Datascience: The Three Lessons Learnt
By David Elges, Chief Information Officer, DC Government
Lesson 1: General data integration usually causes more impact than the localized use of super-algorithms and machine learning
The most common data problem in an organization or agency is not understanding data, but integrating multiple sources and platforms. Even in a small startup, the information is spread across countless systems, environments, and spreadsheets, such as Google Analytics, Salesforce, Oracle, Google Spreadsheets, Microsoft Excel, and many others. For a large (and for a small) organization, integrating all of this data into a single, centralized environment – with proper access rights as well as permissions control – is more valuable than applying a machine learning algorithm to optimize only historical data. There is a lot of inefficiency in the flow of information within a large organization, and inefficiency can be translated as time, resources, and money being burned. Improving the general flow of information within a large organization creates more value than optimizing only a small sector.

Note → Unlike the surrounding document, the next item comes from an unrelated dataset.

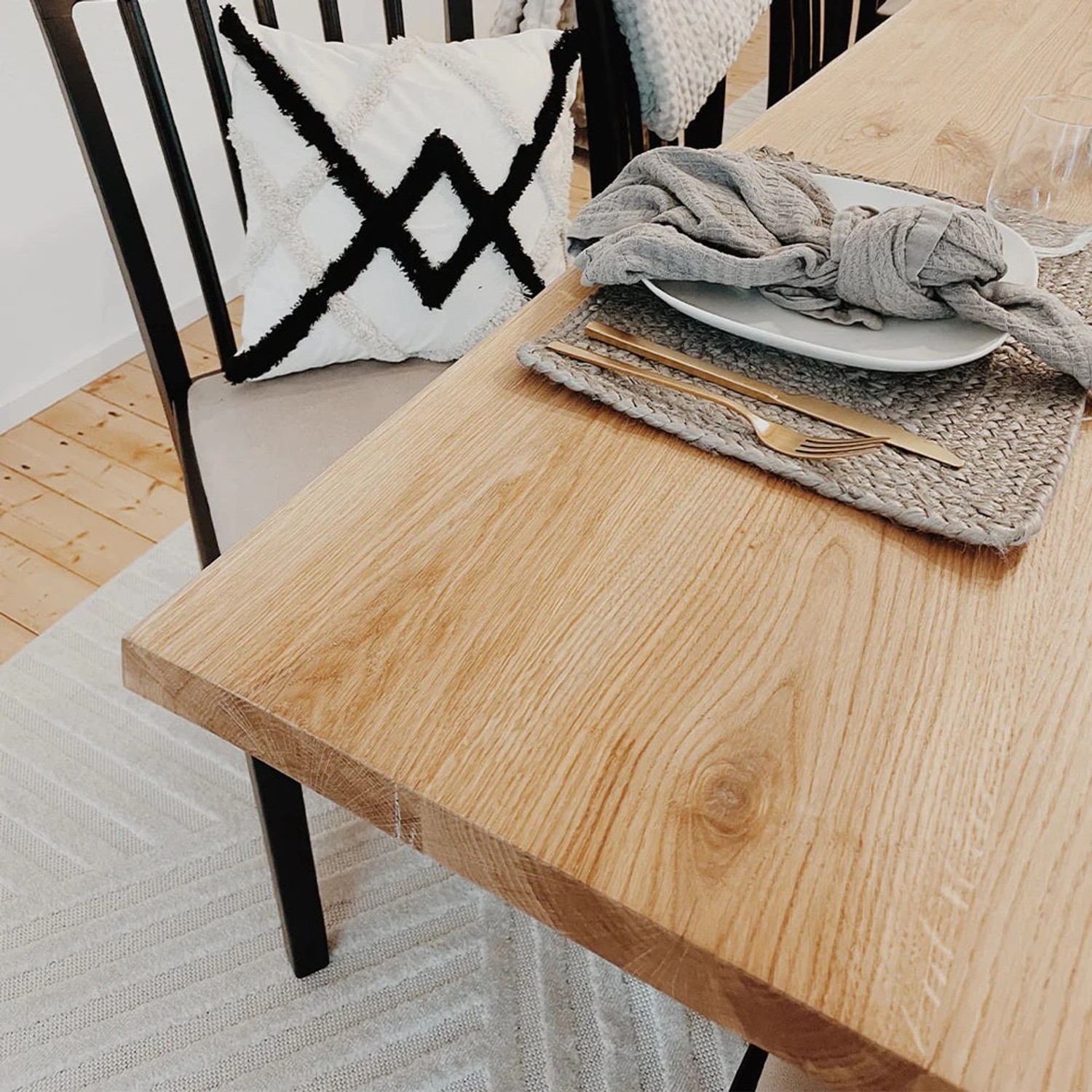 Baumaxxe Tischplatte 100x60cm Schwarz Ash - MDF Platte 10mm Für DIY Möbelprojekte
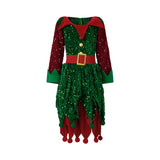4 Pcs Kids Christmas Costumes Girls Santa's Elf Costume Sequinned Elf Dress Shoes Stockings and Hat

All of the human challenges involved in a used car sale are also involved in implementing a data science project
Lesson 2: Data Science is about people
In a large organization, you deal primarily with people, not machines and systems. It is people who make decisions based on what they see and their interpretation of the data, by applying a new super-sophisticated algorithm to a table with one billion records, the output must be simple enough to be understood by all and have enough value to change of habit of the person who will consume that information. In this sense, my experience with user interface and user experience has proven to be highly valuable, presenting well-constructed graphs, easy-to-understand control panels, and efficient applications, directly impacts how a person understands, evaluates, and recurrently uses a data science project.

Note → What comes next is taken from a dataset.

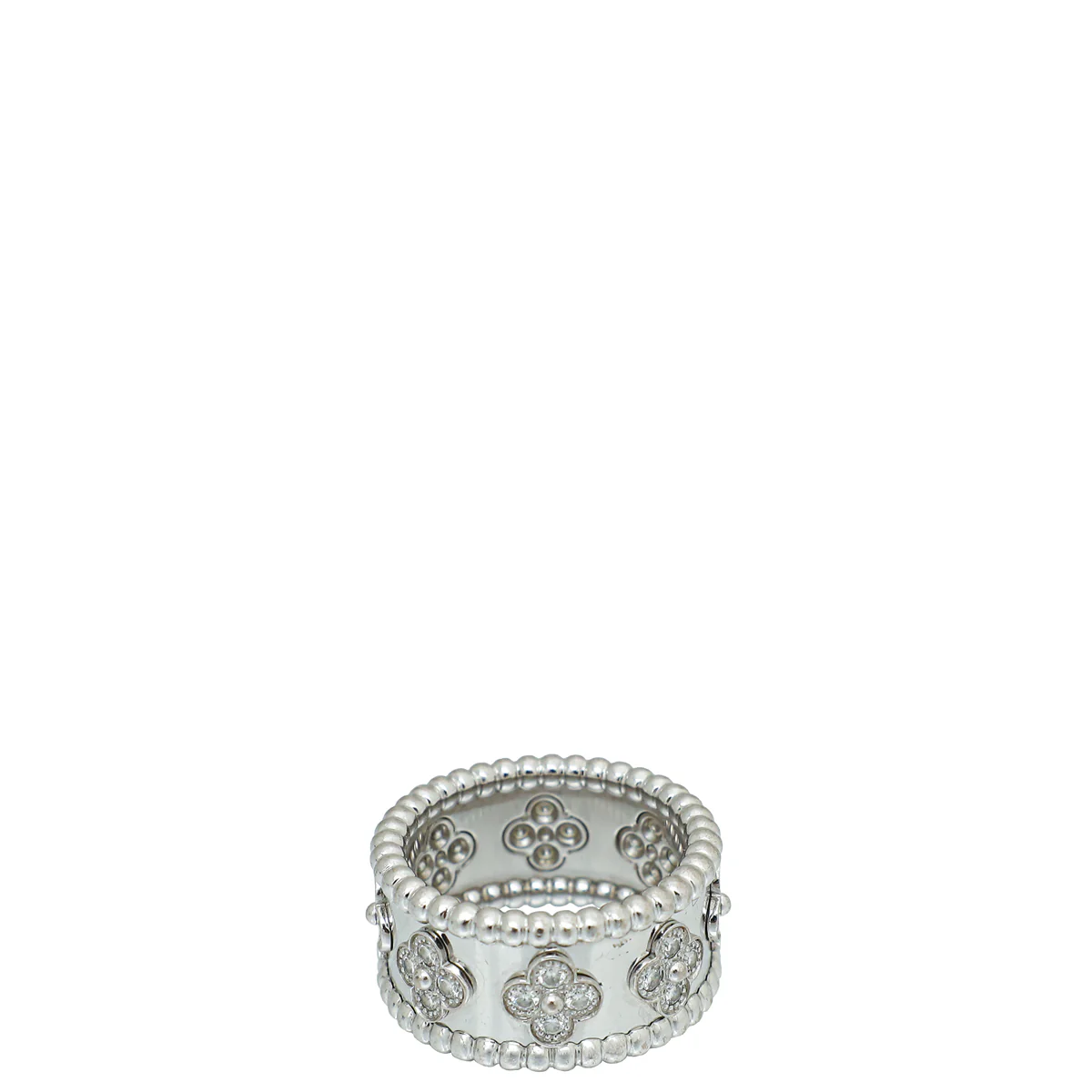 Van Cleef & Arpels 18K White Gold Diamond Perlee Clovers Medium Model Ring 53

Lesson 3: Changing habits requires a huge energy investment
I learned much more about the success of data science projects by making software for the masses and reading on psychology and cognitive sciences, than by studying data science itself. Implementing a new data ecosystem in an organization – for example by integrating 28 data sources and one trillion records containing ten years of historical information – is a big lift for anyone, but I would say that this is as big an effort as it is to make a small group – even if it is just a dozen people – with different professional backgrounds, quit their old habits, spreadsheets, emails, and move to a new workflow in a tool they have never seen. There is always the "but it was working", and “that’s the way we have always done it”, the challenge is to show that the new way will bring more productivity and precision to the team, freeing time from the staff to deal with other activities that an automated system still cannot do. The current market is less sci-fi and more business.

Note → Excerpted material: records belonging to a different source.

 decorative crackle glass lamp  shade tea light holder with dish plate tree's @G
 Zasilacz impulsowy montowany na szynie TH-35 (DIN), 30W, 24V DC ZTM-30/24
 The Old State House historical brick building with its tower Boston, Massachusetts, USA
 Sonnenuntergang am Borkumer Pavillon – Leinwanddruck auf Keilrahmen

All of the human challenges involved in a used car sale are also involved in implementing a data science project. People have habits, preferences, power play, sympathy or antipathy, and everything else that defines human relationships since we decided to get down from the trees and organize ourselves into groups. Understanding this fundamental aspect of business development can help you to be much more successful in your next projects, whether they be data science or lemonade sales.